離ればなれの所に点在する専門に特化した歯科医院に患者さんは行ったり来たりする必要がある。最初は患者さんもおそらく我慢して通院して頂けるが、その頻度が増えるとやはり徐々に疲れが出てき始め、ギブアップする方や不満を漏らす方もチラホラ現れる。そうなると段々遠のき、やはり自分で全ての治療を行う方がストレス無く行えると考えるようになるのが自然の性である。これではいくらこのすばらしい仕組みを推奨しても広まる筈が無い。
日本独特の保険診療をベースに行われている歯科治療は良い部分もあるが悪い部分もある。歯科治療は狭い範囲であるから一人で全部出来る筈であると考える歯科医も多いであろう。それが出来る先生は良いが、やはり人間、得手不得手があり、得意分野と不得意分野があるのも事実であろう。そうなると一カ所で、ある程度の専門性が発揮できるシステムが必要である。それが、グループプラクティスである。

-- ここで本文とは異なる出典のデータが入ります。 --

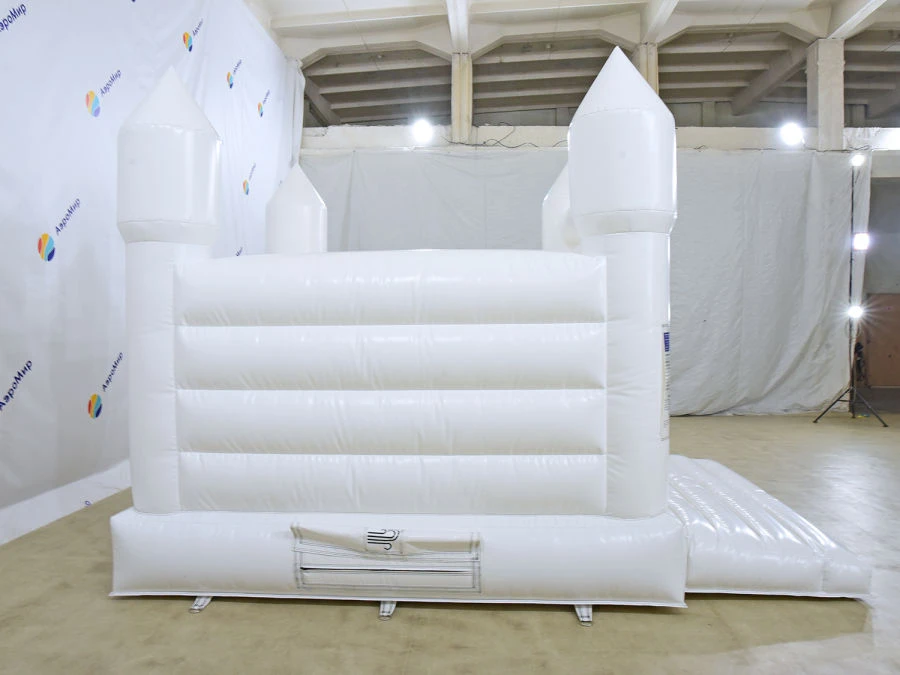 Inflatable trampoline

テナントビルの場合は同じフロアーまたは各フロアー間での専門性を生かした独立採算制を前提とした複数の歯科医院の開業プラン、一戸建ての場合では各専門歯科医師の共同出資による医院運営で売り上げ比率に係数を加味した算出方法で利益を分配する形態をとるプラン等いろいろ考えられる。また、一つの医院に勤務医として専門性を生かして治療を担当していくことも考えられる。これからは開業せずに何らかの形で歯科医院に永久就職する先生も出てくるであろう。
我々はビル開業で2階がGP兼審美歯科補綴専門のクリニック、3階がマウスピース矯正(インビザライン)専門のクリニック、4階が筆者の根管治療専門のクリニックである。各クリニックに直接来られる患者さんもいれば他のクリニックからのご紹介の患者さん、そして各フロアーのクリニックからのご紹介の患者さん、これら全ての患者さんの治療に関して、違う専門分野のドクターの視点でのアドバイスや提案がいつ何時でもディスカッションが可能なのである。同じ視点ではなく違う視点での意見交換は大変有効的で刺激的である。常にこのような関係が構築できるということは患者さんにもアピールが十分行うことができ、また実際に共同で行った臨床例も提示でき、我々が考える最良の治療を患者さんとともに共有できモチベーション向上にも繋がる。
このように、これからは一人での独立開業よりも複数の歯科医によるグループプラクティス形態が歯科医師と患者さん双方が納得のいく歯科治療を実現できるソリューションになるではないかと考えている。